Upon receipt of a Notice of Claim, the Sponsors of Liberty shall, as soon as reasonably
practicable, but in no event later than 10 days following receipt thereof, notify the Beneficiary
of their full acceptance of responsibility hereunder for, or rejection of all or any part of, the
Third party claim and/or the alleged Damages.
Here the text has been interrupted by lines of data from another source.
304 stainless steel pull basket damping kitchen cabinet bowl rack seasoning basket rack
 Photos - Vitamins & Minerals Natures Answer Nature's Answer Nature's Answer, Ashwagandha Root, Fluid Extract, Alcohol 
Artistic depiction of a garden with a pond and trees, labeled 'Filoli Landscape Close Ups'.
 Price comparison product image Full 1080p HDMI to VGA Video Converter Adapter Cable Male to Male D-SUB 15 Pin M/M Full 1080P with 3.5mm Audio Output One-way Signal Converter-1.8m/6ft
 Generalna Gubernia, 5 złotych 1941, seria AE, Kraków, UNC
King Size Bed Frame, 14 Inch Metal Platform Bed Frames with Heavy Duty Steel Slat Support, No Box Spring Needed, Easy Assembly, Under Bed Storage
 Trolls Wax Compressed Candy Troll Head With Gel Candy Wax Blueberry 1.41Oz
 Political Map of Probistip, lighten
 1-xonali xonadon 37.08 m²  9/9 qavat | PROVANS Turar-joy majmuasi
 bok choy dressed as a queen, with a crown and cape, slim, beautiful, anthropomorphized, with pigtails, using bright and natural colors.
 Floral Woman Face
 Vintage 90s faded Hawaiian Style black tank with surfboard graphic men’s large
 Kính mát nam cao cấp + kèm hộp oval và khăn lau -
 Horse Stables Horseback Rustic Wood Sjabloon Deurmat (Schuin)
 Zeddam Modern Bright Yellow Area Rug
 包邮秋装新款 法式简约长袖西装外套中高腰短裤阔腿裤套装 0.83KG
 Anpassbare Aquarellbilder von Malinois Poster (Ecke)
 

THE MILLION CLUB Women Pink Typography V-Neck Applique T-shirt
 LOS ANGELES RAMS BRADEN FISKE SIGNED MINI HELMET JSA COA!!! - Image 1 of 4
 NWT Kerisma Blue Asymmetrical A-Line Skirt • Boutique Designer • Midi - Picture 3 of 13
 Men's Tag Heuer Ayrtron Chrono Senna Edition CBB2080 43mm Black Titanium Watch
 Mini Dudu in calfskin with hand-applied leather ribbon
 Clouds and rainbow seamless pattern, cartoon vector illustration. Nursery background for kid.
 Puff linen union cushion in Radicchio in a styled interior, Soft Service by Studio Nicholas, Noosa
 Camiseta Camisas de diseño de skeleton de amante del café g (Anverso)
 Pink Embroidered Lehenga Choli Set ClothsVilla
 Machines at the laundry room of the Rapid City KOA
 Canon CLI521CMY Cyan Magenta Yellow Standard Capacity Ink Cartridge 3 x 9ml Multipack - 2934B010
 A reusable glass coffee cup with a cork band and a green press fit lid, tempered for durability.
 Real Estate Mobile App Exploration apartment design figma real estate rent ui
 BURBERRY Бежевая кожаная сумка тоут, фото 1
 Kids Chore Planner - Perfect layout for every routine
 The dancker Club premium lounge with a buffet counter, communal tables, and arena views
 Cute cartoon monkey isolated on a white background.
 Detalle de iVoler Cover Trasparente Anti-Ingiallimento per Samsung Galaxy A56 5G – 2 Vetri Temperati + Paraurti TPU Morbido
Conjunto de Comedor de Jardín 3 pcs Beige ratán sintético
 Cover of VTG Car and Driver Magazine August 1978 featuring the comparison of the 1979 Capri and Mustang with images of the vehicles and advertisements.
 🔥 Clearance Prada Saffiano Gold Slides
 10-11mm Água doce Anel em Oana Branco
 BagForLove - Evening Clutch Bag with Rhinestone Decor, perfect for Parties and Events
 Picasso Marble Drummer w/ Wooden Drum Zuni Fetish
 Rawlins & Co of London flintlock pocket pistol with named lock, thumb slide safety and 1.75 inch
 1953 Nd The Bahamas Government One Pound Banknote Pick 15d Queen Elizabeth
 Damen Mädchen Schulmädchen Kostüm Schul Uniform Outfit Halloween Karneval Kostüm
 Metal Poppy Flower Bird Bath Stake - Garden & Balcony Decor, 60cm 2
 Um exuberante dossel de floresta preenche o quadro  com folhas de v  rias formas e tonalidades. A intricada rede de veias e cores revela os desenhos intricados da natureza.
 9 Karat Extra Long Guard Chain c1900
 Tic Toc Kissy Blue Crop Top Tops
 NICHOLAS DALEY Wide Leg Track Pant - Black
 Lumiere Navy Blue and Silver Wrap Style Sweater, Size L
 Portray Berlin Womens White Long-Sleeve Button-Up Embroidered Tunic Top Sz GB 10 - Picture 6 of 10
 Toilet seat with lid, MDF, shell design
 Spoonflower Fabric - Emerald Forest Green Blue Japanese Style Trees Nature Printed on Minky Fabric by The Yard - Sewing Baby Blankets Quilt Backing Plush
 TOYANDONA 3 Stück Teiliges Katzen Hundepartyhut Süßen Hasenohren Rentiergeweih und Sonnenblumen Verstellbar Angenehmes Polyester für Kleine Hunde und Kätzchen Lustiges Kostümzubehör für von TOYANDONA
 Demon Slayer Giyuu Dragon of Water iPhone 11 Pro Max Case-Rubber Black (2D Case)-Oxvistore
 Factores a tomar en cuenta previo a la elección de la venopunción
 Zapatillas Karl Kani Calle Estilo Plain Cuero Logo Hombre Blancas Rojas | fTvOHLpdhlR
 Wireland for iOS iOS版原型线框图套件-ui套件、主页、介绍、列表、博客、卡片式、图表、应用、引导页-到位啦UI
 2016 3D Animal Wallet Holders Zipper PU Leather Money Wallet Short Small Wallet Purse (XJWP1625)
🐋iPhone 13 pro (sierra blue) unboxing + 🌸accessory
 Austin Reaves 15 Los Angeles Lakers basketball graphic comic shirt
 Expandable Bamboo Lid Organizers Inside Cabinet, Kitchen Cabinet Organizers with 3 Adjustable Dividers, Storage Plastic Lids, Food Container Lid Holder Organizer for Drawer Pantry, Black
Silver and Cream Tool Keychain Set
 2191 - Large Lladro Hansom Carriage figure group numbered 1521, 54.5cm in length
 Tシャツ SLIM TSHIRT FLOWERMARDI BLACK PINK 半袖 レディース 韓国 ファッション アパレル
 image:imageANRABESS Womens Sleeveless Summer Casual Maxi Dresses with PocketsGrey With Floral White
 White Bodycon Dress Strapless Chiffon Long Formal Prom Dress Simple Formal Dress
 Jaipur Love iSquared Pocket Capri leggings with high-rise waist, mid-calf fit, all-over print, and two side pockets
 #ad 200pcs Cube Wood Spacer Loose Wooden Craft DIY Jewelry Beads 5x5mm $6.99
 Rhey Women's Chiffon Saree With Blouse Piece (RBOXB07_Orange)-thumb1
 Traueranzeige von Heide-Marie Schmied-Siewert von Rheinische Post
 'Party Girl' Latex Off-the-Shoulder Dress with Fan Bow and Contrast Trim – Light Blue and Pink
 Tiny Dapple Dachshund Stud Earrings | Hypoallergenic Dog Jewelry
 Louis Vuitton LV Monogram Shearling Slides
In the event the Sponsors of Liberty reject
(including by virtue of the last sentence of this clause 2.1) in whole or in part such Third party
claim or Damages, the Parties shall negotiate in good faith during a maximum period of twenty (20)
days after the receipt of the notice of objection (or, following such ten day period in the event
the last sentence of this clause 2.1 is applicable) in order to reach an agreement. Any failure by
the Sponsors of Liberty to give any notice required under and in accordance with this paragraph
shall be deemed a total rejection of the Third party claim and/or the alleged Damages and the
refusal of the Sponsors of Liberty to reimburse the Beneficiary for the alleged Damages.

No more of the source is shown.